Enfin, les agriculteurs de moins de 50 ans semblent être davantage sensibles au port des EPI, puisque 93 % d’entre eux utilisent des gants et 80 % portent des protections respiratoires. Mais si Axe-environnement considère que les tendances de notre baromètre reflètent le marché, les résultats sont jugés trop optimistes par rapport à la réalité des ventes. En effet, les idées reçues sur les EPI persistent et leur utilisation n’est pas encore généralisée. Et c’est là tout l’enjeu des campagnes de sensibilisation.

La distribution en première ligne

Depuis 2022, l’association Contrat de solutions mène une nouvelle campagne dédiée à la prévention des risques phytosanitaires. Aménagement de l’espace de travail, bonnes pratiques d’hygiène, entretien du matériel, choix et utilisation des EPI… Toutes les étapes sont décortiquées et les messages diffusés au travers d’outils : escape game en ligne, websérie Agricall, et lors des journées terrain multipartenaires. En deux ans, une vingtaine de journées ont été organisées. « Certains distributeurs y participent, mais l’objectif serait qu’ils portent réellement l’évènement car ils sont un moyen de mobilisation capital. C’est le levier qu’il reste à activer », souligne Clotilde Bois-Marchand, cheffe de projet chez Contrat de solutions.

« Certains sont particulièrement dynamiques, tandis que d’autres peinent à structurer une stratégie autour des EPI, constate de son côté Émeric Oudin. Pourtant, il y a un vrai enjeu de professionnalisation. À terme, notre ambition est que chaque vente de produit phytosanitaire soit accompagnée d’une préconisation d’EPI. » Un réflexe qu’Unéal a instauré auprès de ses équipes : « Depuis cinq ans, les agents d’exploitation ont la mission systématique de parler des EPI lors des ventes », affirme Sébastien Cambier, référent réglementaire et enjeux agro-environnementaux. La coopérative multiplie les initiatives, à l’instar de messages de prévention envoyés par courriel pendant les périodes de ventes de semences. « Le port des EPI lors de la manipulation des sacs de semences n’est pas encore entré dans les mœurs alors que ce sont des produits toxiques », justifie-t-il.

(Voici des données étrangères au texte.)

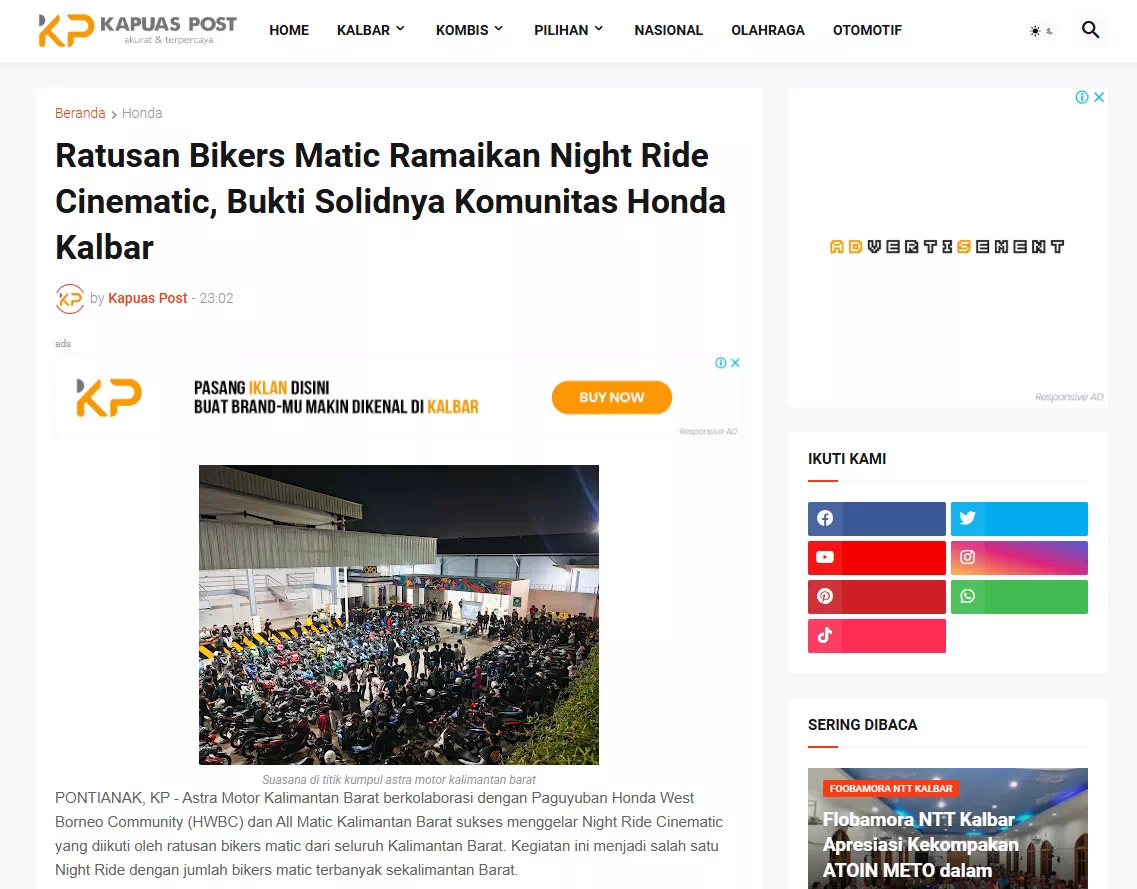 Ratusan Bikers Matic Ramaikan Night Ride Cinematic, Bukti Solidnya Komunitas Honda Kalbar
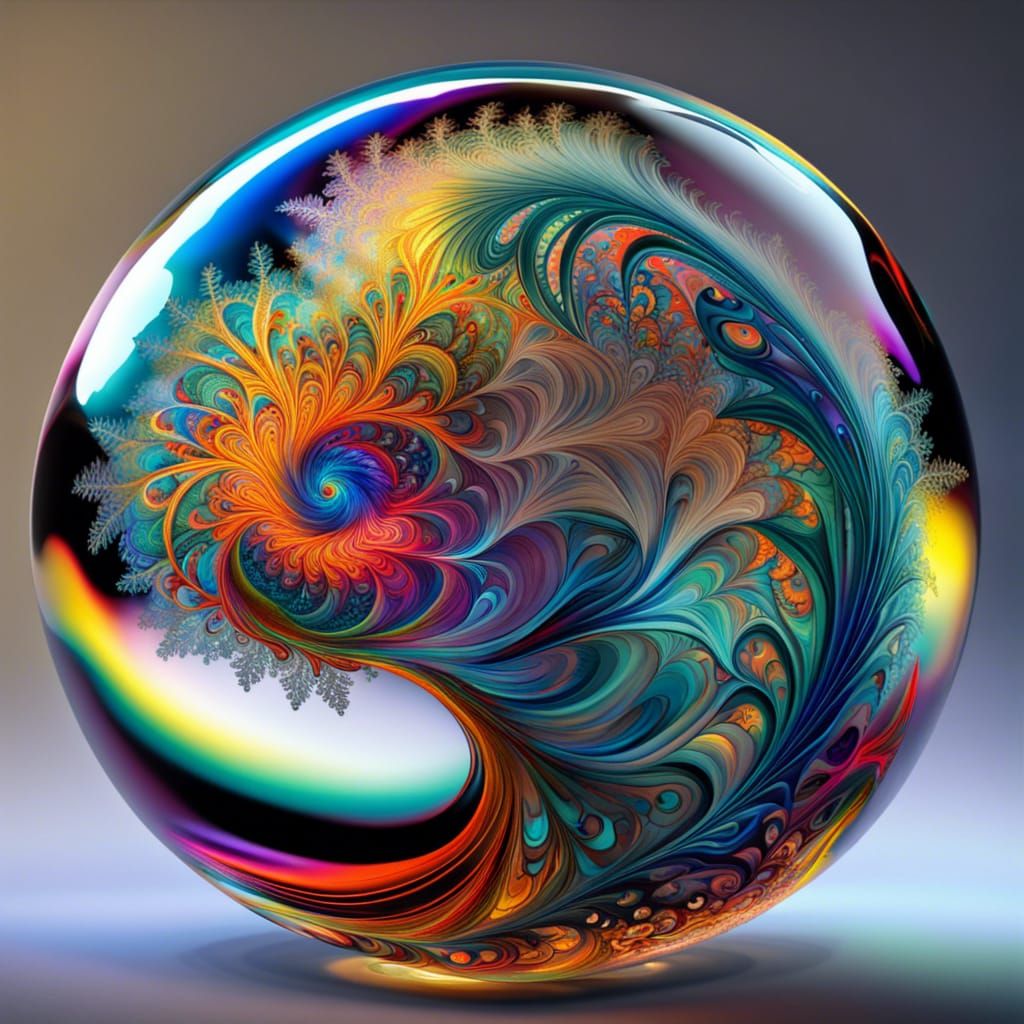Psychedelic Fractal Orb in Glass Sphere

Chez Jeem, explique Jean-Marc Aloisio, « nous avons installé un rack EPI dans le bureau où nous recevons les clients, ce qui nous a permis de développer les ventes ».

Escape game

De son côté, Axe-environnement espère accélérer le déploiement des EPI via un outil peu commun : l’escape game. Depuis 2022, ce dispositif a permis de former plus de 200 personnes. « C’est une approche ludique pour sensibiliser aux risques, montrer que les EPI existent avant tout pour le confort et la protection des agriculteurs, tout en expliquant concrètement leur utilisation », insiste Fabien Vermot-Desroches.

En 2023, Unéal a formé sept de ses employés via ce dispositif, dont des agents d’exploitation et des commerciaux sédentaires. Sept autres vont l’être sur cette campagne, l’objectif étant d’avoir formé tous les agents d’ici trois à quatre ans. Convaincue par ce format, la coopérative souhaite aller plus loin : « Nous sommes en train de réfléchir pour décliner cet escape game en région, projette Sébastien Cambier. L’idée serait d’avoir une salle au sein de la coopérative et de désigner des agents d’exploitation en tant qu’animateurs. » Axe-environnement travaille également sur une version délocalisable de l’escape game afin de se rendre directement chez les clients. Car la pédagogie est la clé pour faire adopter les EPI.